# Aeroponics



## Sweetmansticky (Sep 7, 2015)

Hello all has any one tried a ghe panda aero setup? 

http://gb.eurohydro.com/panda_aero.html

I have all that . So what would I need to buy before I could take clones and pop em into it. I'm gonna make an aero cloner like a few of you have. And I have a dose of net pots too


----------



## RubyRed (Sep 8, 2015)

the pump is most important.
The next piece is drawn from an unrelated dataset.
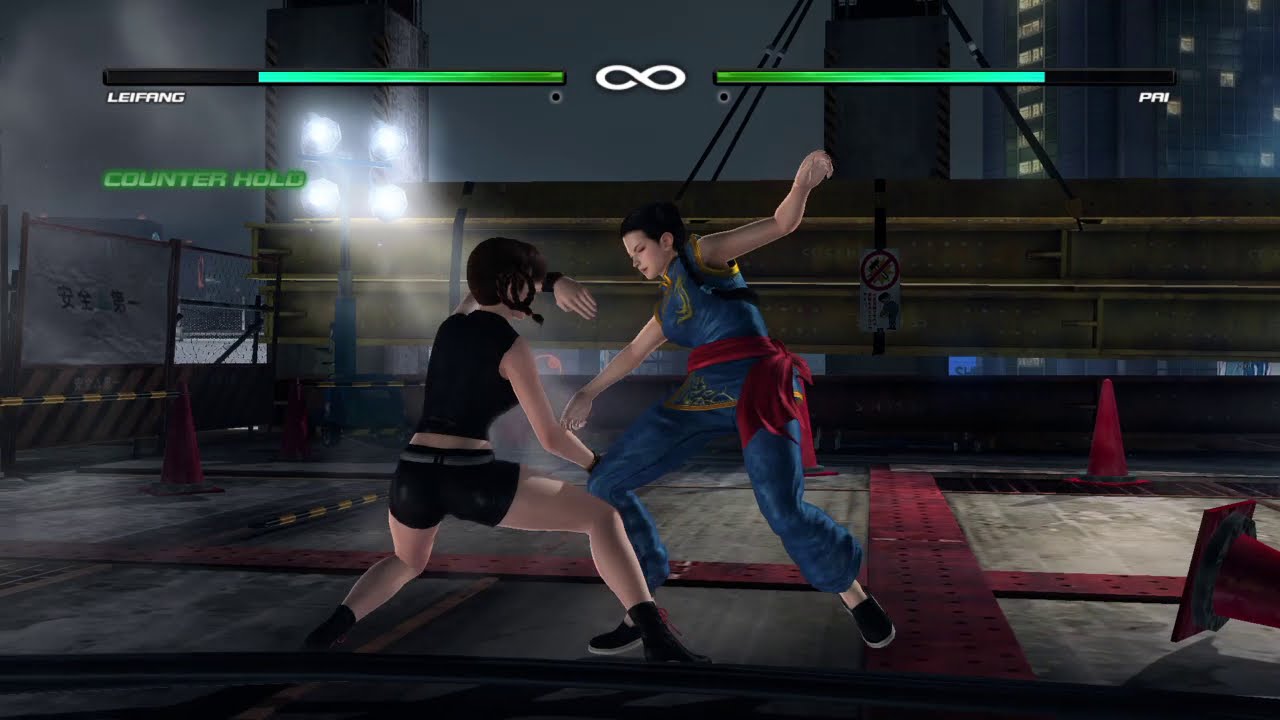 DoA5 Lei Fang парирование - Руки убрал -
Be sure get a High volume  one


----------



## The Hemp Goddess (Sep 8, 2015)

I am not a big fan of aero cloners.  It always seems that the pump heats the water up too much and that the misters clog up way too frequently.  I think you could do just as well with a bubble cloner.  Lately though, I have had the best luck with just sticking them into rapid rooters and sticking under a dome.

You going to start growing some photoperiod plants?


----------



## Sweetmansticky (Sep 8, 2015)

Yep. I'm hoping to get a space in the next month , I do miss photos! But don't tell anyone !!


----------



## RubyRed (Sep 8, 2015)

ice in the res works great.  I freeze water bottles


----------



## The Hemp Goddess (Sep 8, 2015)

Sweetmansticky said:


> Yep. I'm hoping to get a space in the next month , I do miss photos! But don't tell anyone !!


 
LOL--then it will just be our secret then.


----------